--- To do ---
Reproduce exactly, from the data that follows, the line with "Diplostephium ericoides", the line with "Bonnet diamand duifjes, Dieren", and every line that lies between them.

--- Records supplied ---
::::::::

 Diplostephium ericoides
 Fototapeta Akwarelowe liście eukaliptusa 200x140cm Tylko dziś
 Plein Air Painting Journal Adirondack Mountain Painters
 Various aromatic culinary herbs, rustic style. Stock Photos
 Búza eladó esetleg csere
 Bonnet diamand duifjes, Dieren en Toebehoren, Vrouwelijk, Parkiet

::::::::

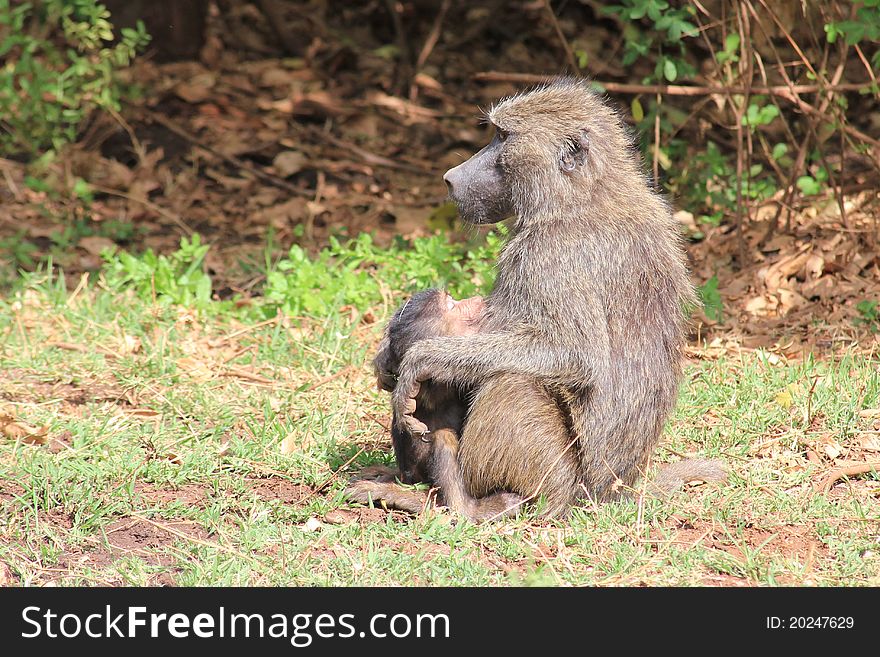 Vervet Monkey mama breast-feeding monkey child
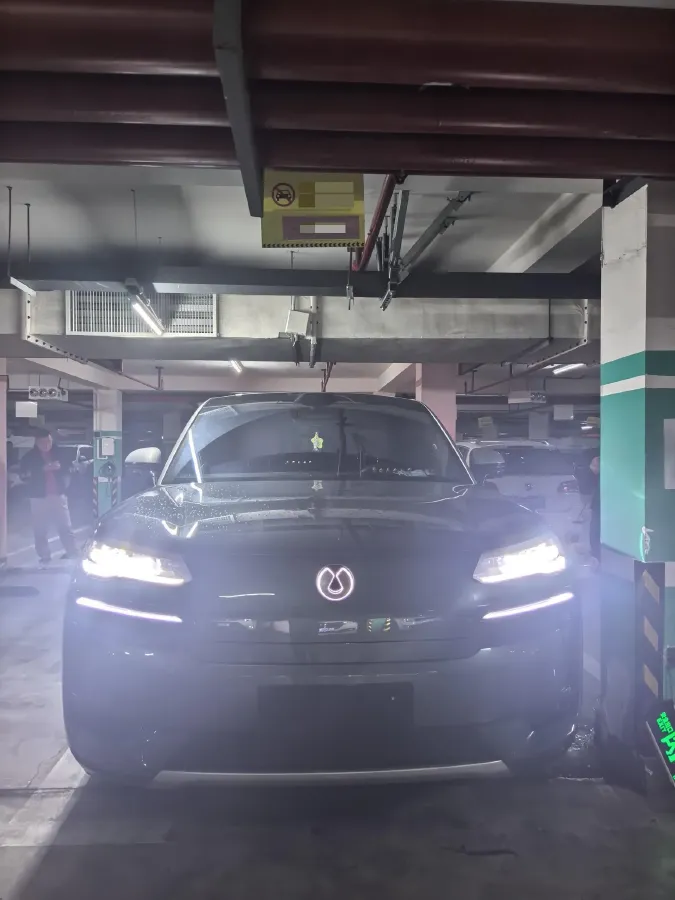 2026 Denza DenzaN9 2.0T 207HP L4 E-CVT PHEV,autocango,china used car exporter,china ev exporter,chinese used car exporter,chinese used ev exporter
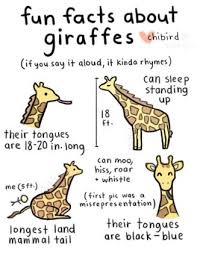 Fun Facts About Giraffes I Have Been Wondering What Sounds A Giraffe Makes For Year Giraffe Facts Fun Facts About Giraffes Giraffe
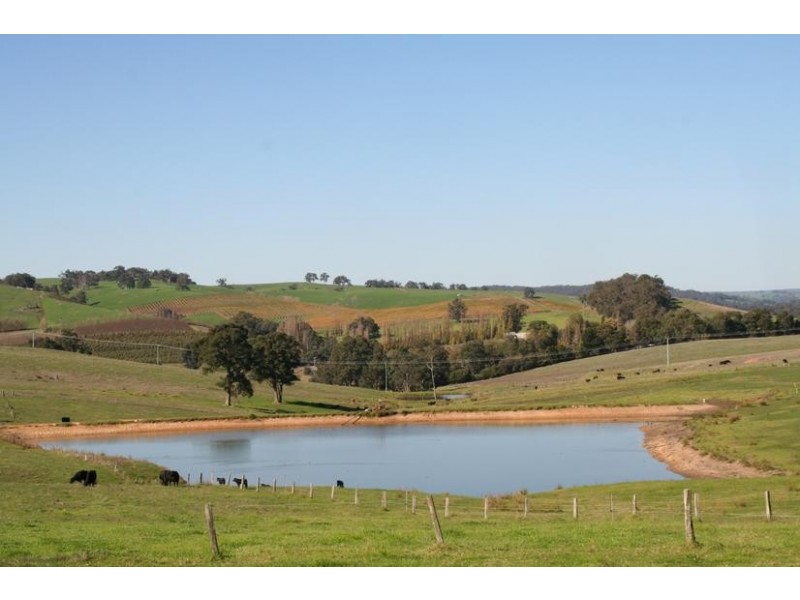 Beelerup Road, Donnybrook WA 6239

::::::::

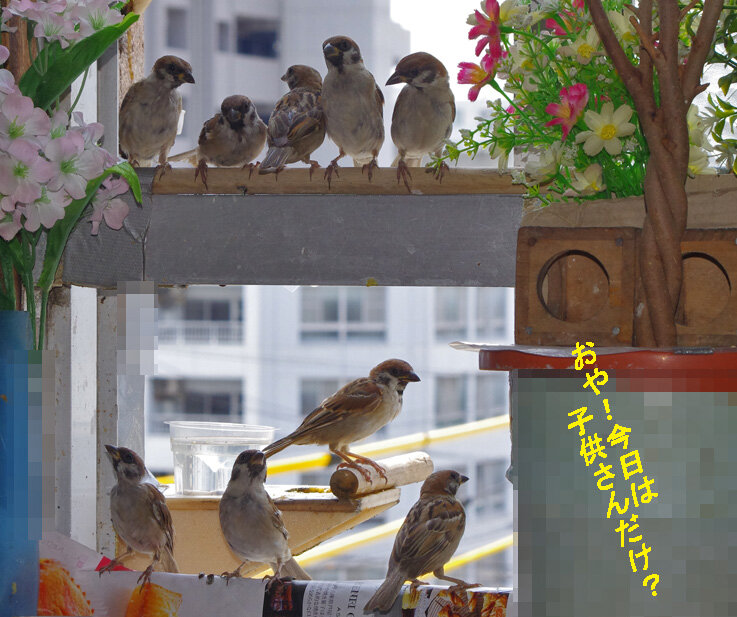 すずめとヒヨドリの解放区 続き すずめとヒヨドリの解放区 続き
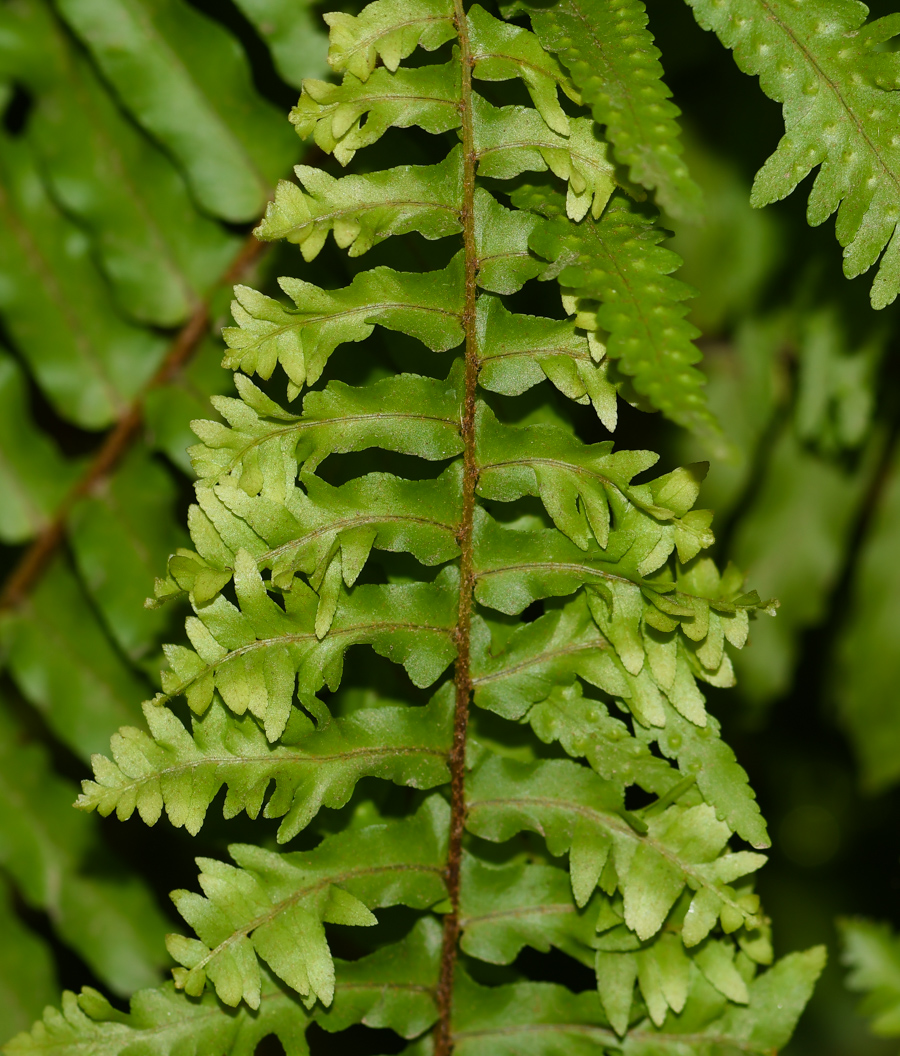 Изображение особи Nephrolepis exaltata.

::::::::

--- Result ---
 Diplostephium ericoides
 Fototapeta Akwarelowe liście eukaliptusa 200x140cm Tylko dziś
 Plein Air Painting Journal Adirondack Mountain Painters
 Various aromatic culinary herbs, rustic style. Stock Photos
 Búza eladó esetleg csere
 Bonnet diamand duifjes, Dieren en Toebehoren, Vrouwelijk, Parkiet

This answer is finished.